Decidirse a escribir algunas líneas sobre santa Clara no es tarea fácil. Fue tal la riqueza humana y espiritual de esta mujer de Asís que aún hoy, ocho siglos después de su nacimiento, continúa motivando e inspirando acciones a sus seguidores y estudiosos.
Especialmente hay un rasgo del vivir evangélico de Clara con sus hermanas que nos gusta subrayar por su ejemplaridad, por ser un claro espejo de vida para nosotros.
¿Cuál fue la luz, el imán que desde San Damián alumbró y atrajo tantas vocaciones y movió tantos corazones femeninos de Asís y de otros lugares a vivir el espíritu franciscano? Sencillamente, la unidad de las personas que habitaban ese convento. Sí, eso fue. Un fruto de la Gracia de Dios y de la libre determinación de unas mujeres a crear un trozo de cielo ya aquí en la tierra. Unidad, tanto allí como si hubieran sido esparcidas por el mundo, que era su original anhelo.
Las primeras raíces de esa unidad que Clara y sus hermanas testimoniaron se encuentran en la profunda amistad de Clara y Francisco. Una amistad que descansaba en otra más alta, en la de un Dios Trinitario. Tanto el poverello Francisco, como su pequeña planta, Clara, habían recibido la misma llamada del Padre a ser hijos suyos; uno y otra respondieron al seguimiento de Cristo, su hermano mayor, y a ambos les inundó el Espíritu Santo de dones y creatividad para su Iglesia.

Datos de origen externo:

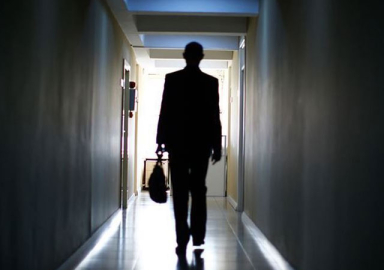 Temmuz ayı işsizlik rakamları açıklandı!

Las otras raíces de esa unidad, las que cotidianamente decidieron regar para que no se secara ese pequeño pero frondoso árbol que fue San Damián, descansaban en la humildad de cada una de las hermanas y en su trabajo diario por seguir y conseguir -esto es, alcanzar juntas- una triple llamada de Cristo: amarse unas a otras como Él las había amado y como el Padre les amaba; amar a los enemigos, y ser unas como el Padre y Jesús fueron uno. Una llamada con tres pasos progresivos y a la vez complementarios.
¿Y cómo lograron, nos preguntamos, ese triple objetivo? El primero está claro: mirando atentamente, por un lado, con qué amor amó Cristo a sus discípulos, a sus amigos -un amor libre, total, sin límites, entusiasmante…; por otro lado, descubriendo cómo era el amor del Padre hacia su Hijo -un amor confiado, entrañable, lleno de ternura, solícito, misericordioso, paciente…
El segundo, la misma Clara nos lo enseña cuando hubo de recibir a los sarracenos: les amó amándoles con Cristo.
Y el último objetivo lo alcanzaron, a buen seguro, haciendo tres sencillos -a simple vista- ejercicios, como estos: sorprenderse de todo lo bueno que había en cada una de las hermanas; dar gracias a Dios y alabarle con gozo sincero por esos dones que las demás habían recibido de Él, y, por último, procurar hacer propio, carne de su carne, esos carismas que habían descubierto en las otras.
Después de todo esto, bien podemos entender por qué Clara supo expresar poco antes de morir -mejor dicho, de nacer a una nueva vida- lo que para ella había sido una auténtica fiesta: «¡Gracias, Señor, porque me has creado!» Esta es la Fiesta a la que todos estamos invitados: la de la vida en la unidad de Dios Padre.